## Supplied records
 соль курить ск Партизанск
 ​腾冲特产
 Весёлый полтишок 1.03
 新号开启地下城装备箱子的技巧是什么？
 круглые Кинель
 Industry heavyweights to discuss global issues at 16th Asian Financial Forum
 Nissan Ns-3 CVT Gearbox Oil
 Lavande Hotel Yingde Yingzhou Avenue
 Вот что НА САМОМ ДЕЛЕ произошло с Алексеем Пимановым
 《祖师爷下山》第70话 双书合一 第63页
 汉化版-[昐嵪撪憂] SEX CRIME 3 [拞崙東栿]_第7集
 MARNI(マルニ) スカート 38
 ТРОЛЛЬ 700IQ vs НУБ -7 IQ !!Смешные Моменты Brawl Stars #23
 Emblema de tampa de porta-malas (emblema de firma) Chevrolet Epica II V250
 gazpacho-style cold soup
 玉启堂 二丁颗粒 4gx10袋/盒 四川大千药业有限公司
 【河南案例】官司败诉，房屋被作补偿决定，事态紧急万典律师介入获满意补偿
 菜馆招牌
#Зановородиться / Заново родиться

## What this task involves
Give the material above again in its entirety, exactly as it appears.

## Output below
 соль курить ск Партизанск
 ​腾冲特产
 Весёлый полтишок 1.03
 新号开启地下城装备箱子的技巧是什么？
 круглые Кинель
 Industry heavyweights to discuss global issues at 16th Asian Financial Forum
 Nissan Ns-3 CVT Gearbox Oil
 Lavande Hotel Yingde Yingzhou Avenue
 Вот что НА САМОМ ДЕЛЕ произошло с Алексеем Пимановым
 《祖师爷下山》第70话 双书合一 第63页
 汉化版-[昐嵪撪憂] SEX CRIME 3 [拞崙東栿]_第7集
 MARNI(マルニ) スカート 38
 ТРОЛЛЬ 700IQ vs НУБ -7 IQ !!Смешные Моменты Brawl Stars #23
 Emblema de tampa de porta-malas (emblema de firma) Chevrolet Epica II V250
 gazpacho-style cold soup
 玉启堂 二丁颗粒 4gx10袋/盒 四川大千药业有限公司
 【河南案例】官司败诉，房屋被作补偿决定，事态紧急万典律师介入获满意补偿
 菜馆招牌
#Зановородиться / Заново родиться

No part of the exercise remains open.